■ Work request ■
The reply should be a single number: the count of lines below that contain the word "with".

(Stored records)

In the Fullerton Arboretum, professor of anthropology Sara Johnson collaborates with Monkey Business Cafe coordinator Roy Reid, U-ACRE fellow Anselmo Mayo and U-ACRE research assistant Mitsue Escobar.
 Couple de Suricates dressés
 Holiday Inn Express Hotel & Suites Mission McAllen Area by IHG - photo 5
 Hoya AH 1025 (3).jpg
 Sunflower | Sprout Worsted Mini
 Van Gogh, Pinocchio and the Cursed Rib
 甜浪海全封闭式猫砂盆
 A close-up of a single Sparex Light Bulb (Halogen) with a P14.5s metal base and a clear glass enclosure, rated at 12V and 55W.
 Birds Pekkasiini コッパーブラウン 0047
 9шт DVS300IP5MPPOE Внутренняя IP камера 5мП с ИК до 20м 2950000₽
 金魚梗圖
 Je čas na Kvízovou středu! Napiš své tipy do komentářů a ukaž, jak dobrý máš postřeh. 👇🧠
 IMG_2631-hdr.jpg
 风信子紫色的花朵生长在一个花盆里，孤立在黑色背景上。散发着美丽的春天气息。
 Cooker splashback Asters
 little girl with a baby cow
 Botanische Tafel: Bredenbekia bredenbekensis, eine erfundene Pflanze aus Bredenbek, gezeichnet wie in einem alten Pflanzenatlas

■ Written reply ■
3